La única libertad que tiene el escritor, agregó, es escribir su propia tragedia, con su propia escritura. Los escritores somos sospechosos de las palabras, porque con frecuencia siente uno que hay discordancia en las palabras que utilizamos, por lo que revisamos, cambiamos y tenemos que seleccionar las palabras más adecuada al sentido que queremos dar a nuestro texto.

Fueron dos horas en que se habló principalmente de literatura, pero también de política; en donde Groosman diría que quiere mucho a su país, pero con una cariño extraño, divergente, contradictorio, porque no está de acuerdo con la forma en que se utilizan al ejército para tratar de llegar a la paz tan anhelada.

Pero sí, la literatura fue el tema central y no mucho se alejaron de él, tema en el que estaban inmersos decenas de personas que se de dieron cita en el auditorio Juan Rulfo de la Expo Guadalajara. Diría Grooman: uno como escritor a veces está enajenado tratando de cambiar las cosas, pero entendemos que nos enfrentamos a los aspectos  más relevantes de uno mismo, de su ser, de su cultura y de su mundo actual.

Qué afortunados somos de ser escritores –dijo el literato israelí–, de hacer de este mundo nuestro, porque nosotros le damos gusto, le damos nuestro toque íntimo a la realidad.

En su oportunidad, Mario Vargas Llosa sostendría que escribir es una cosa maravillosa, porque uno le imprime una sensación especial a los que ve. “Los escritores somos gente privilegiada porque podemos enaltecer ese don que tenemos en beneficio de nuestro lectores.

Criticó que se entienda, aún en estratos de nivel cultural alto, a la literatura como  un mero entretenimiento o una distracción, “es una insensatez  pensar que la literatura es una manera de distracción o entretenimiento, porque los escritores la entendemos como una forma de decir que el mundo está mal hecho y que requiere de cambiar.

“Si el mundo desapareciera a la literatura, explicó, el mundo sería de autómatas y si queremos que el mundo siga cambiando y derrote las fantasías, entonces la literatura, lejos de desaparecer, debe crecer.

Fue aquí cuando el escritor peruano sostuvo que la literatura no va a cambiar al mundo, “sería arrogante pensar o asociar a la literatura con la Revolución Social, con escribir no vamos a cambiar al mundo”.

Fue un encuentro de dos grandes de la literatura, ambos elogiaron la carrera literaria de su contraparte y ambos dijeron que comenzaron a escribir a muy corta edad, Grossman a los 8 años y Vargas Llosa, como dijo, le ganó, comenzó a los cinco años, incluso recordó sus primeras lecturas y por qué en ese entonces relacionaba la lectura con algo pecaminoso, razón por lo cual su madre le escondía un libro que entonces leía ella: “20 poemas de amor y una condición desesperante” de Pablo Neruda.

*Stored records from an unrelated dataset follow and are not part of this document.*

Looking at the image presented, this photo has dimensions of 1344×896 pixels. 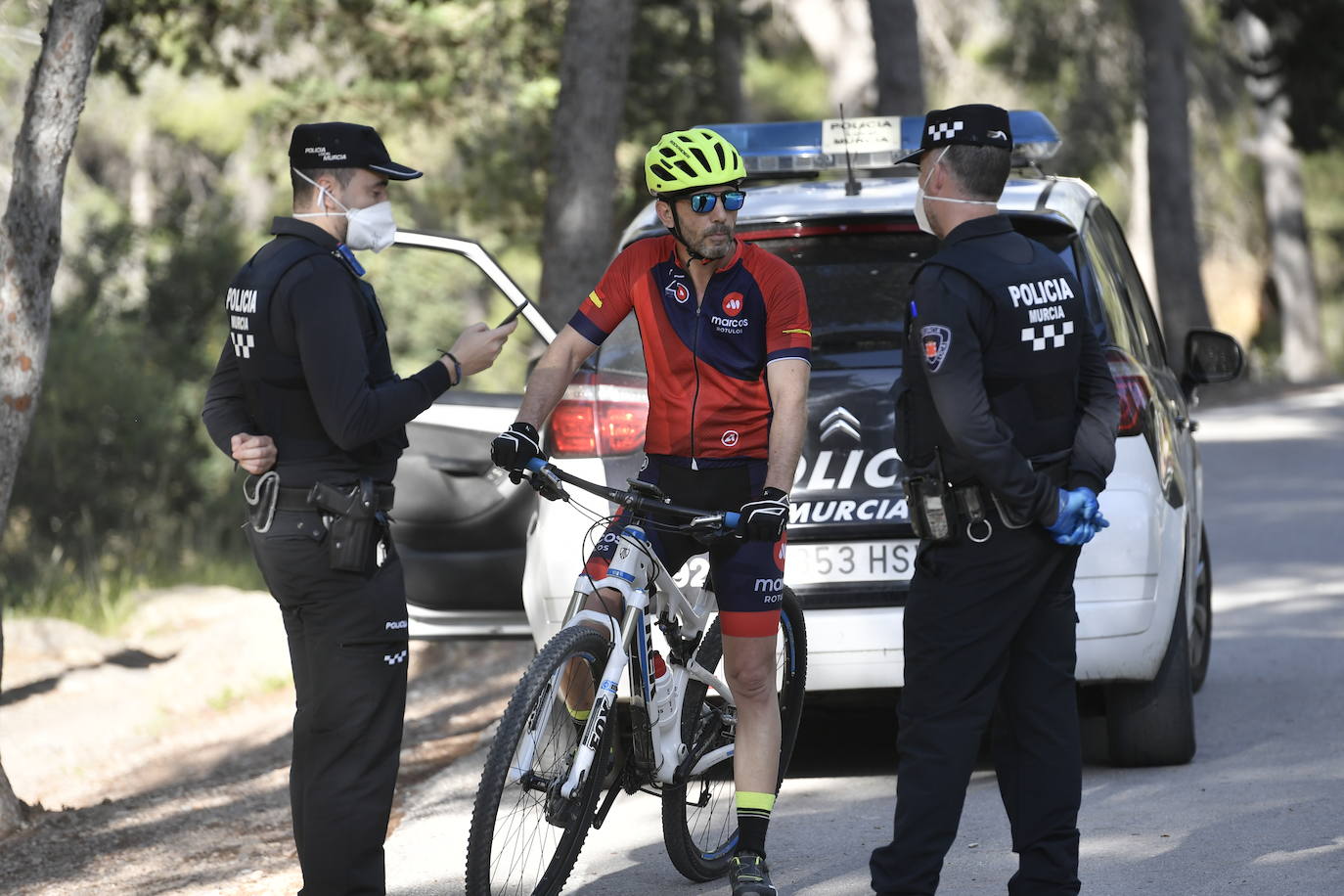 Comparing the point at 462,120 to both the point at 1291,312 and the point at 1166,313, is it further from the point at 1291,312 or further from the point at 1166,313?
the point at 1291,312

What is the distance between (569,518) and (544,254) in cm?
525

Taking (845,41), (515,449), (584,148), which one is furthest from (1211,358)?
(845,41)

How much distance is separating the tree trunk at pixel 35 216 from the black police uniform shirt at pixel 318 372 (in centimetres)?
207

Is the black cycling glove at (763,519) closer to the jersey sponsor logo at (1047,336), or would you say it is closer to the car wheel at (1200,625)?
the jersey sponsor logo at (1047,336)

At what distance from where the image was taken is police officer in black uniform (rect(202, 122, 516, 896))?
3.98 m

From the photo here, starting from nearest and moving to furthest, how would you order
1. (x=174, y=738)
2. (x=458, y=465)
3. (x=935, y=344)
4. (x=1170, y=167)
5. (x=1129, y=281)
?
(x=935, y=344) → (x=1129, y=281) → (x=458, y=465) → (x=174, y=738) → (x=1170, y=167)

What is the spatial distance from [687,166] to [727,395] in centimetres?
58

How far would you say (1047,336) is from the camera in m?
4.01

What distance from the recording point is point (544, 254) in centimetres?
1065

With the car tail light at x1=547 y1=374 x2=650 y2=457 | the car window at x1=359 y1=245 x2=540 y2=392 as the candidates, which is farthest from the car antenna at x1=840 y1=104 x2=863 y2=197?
the car window at x1=359 y1=245 x2=540 y2=392

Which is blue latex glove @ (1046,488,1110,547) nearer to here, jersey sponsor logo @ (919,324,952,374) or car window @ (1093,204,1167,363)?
jersey sponsor logo @ (919,324,952,374)

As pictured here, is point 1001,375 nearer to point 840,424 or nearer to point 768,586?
point 768,586

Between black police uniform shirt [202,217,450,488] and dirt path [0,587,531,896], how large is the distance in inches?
55.6

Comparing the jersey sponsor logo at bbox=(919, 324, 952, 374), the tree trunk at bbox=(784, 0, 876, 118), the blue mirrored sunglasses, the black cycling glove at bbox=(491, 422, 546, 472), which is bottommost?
the black cycling glove at bbox=(491, 422, 546, 472) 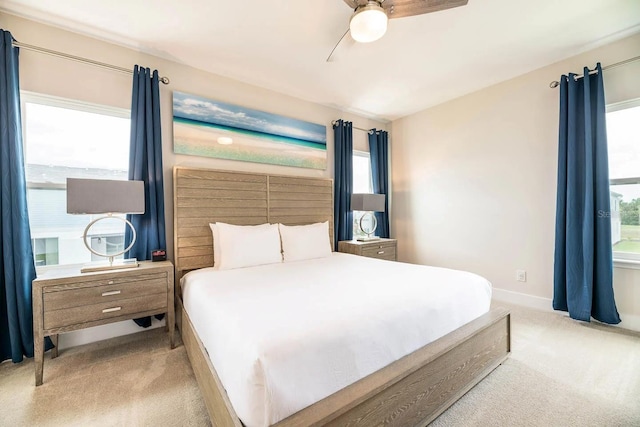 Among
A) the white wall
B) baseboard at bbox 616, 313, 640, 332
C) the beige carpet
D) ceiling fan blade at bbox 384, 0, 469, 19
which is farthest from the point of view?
baseboard at bbox 616, 313, 640, 332

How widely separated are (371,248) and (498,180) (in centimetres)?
183

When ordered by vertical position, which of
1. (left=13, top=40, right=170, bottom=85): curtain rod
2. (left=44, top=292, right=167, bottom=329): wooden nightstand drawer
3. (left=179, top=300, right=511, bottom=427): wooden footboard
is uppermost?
(left=13, top=40, right=170, bottom=85): curtain rod

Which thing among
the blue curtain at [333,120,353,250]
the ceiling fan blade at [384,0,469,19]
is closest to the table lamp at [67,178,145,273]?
the ceiling fan blade at [384,0,469,19]

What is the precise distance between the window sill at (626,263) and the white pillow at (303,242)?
9.20 feet

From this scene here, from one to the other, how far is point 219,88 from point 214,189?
1.20m

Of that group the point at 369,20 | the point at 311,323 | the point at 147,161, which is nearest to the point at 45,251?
the point at 147,161

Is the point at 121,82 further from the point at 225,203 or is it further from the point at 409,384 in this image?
the point at 409,384

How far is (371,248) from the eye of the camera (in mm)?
3801

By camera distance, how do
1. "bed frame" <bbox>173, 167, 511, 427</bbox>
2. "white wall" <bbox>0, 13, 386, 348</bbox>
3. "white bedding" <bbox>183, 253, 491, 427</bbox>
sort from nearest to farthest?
"white bedding" <bbox>183, 253, 491, 427</bbox> → "bed frame" <bbox>173, 167, 511, 427</bbox> → "white wall" <bbox>0, 13, 386, 348</bbox>

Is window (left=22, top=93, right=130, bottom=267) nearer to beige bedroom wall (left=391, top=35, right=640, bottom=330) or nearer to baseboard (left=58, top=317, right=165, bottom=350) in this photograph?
baseboard (left=58, top=317, right=165, bottom=350)

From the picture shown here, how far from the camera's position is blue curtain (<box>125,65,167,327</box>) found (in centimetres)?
252

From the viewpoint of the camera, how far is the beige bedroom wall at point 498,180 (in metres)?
2.79

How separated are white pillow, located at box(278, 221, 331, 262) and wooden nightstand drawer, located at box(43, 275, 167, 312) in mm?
1188

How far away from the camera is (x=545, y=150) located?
304cm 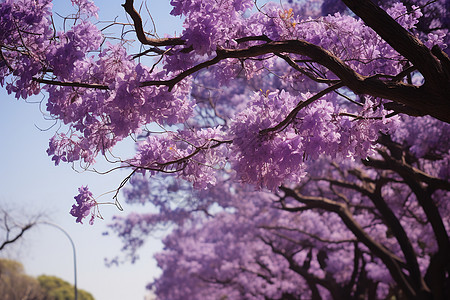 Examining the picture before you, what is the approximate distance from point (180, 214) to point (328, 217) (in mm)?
6540

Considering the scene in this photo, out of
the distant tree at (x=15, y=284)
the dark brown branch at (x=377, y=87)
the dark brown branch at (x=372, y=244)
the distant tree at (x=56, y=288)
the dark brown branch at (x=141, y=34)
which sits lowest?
the dark brown branch at (x=377, y=87)

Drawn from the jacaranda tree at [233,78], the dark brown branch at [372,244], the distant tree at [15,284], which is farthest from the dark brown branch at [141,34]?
the distant tree at [15,284]

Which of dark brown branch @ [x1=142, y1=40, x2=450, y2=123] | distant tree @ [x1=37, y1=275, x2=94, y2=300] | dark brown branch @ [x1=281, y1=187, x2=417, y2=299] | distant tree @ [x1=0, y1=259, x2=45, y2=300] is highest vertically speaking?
distant tree @ [x1=37, y1=275, x2=94, y2=300]

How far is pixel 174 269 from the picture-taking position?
29.5 meters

Vargas Llosa diría que no solo leer sino escribir es una forma de enriquecer las ilusiones. Los libros significan una vida paralela más extraordinaria que la vida humana misma.

Grossman agregaría que leer nos cambia a todos nosotros y estableció la diferencia entre leer periódicos y leer libros, lo primero, dijo nos hace partícipes de una igualdad social;  lo segundo nos adentra a una vivencia personal y nos hace partícipes de la historia misma que leemos en ese momento.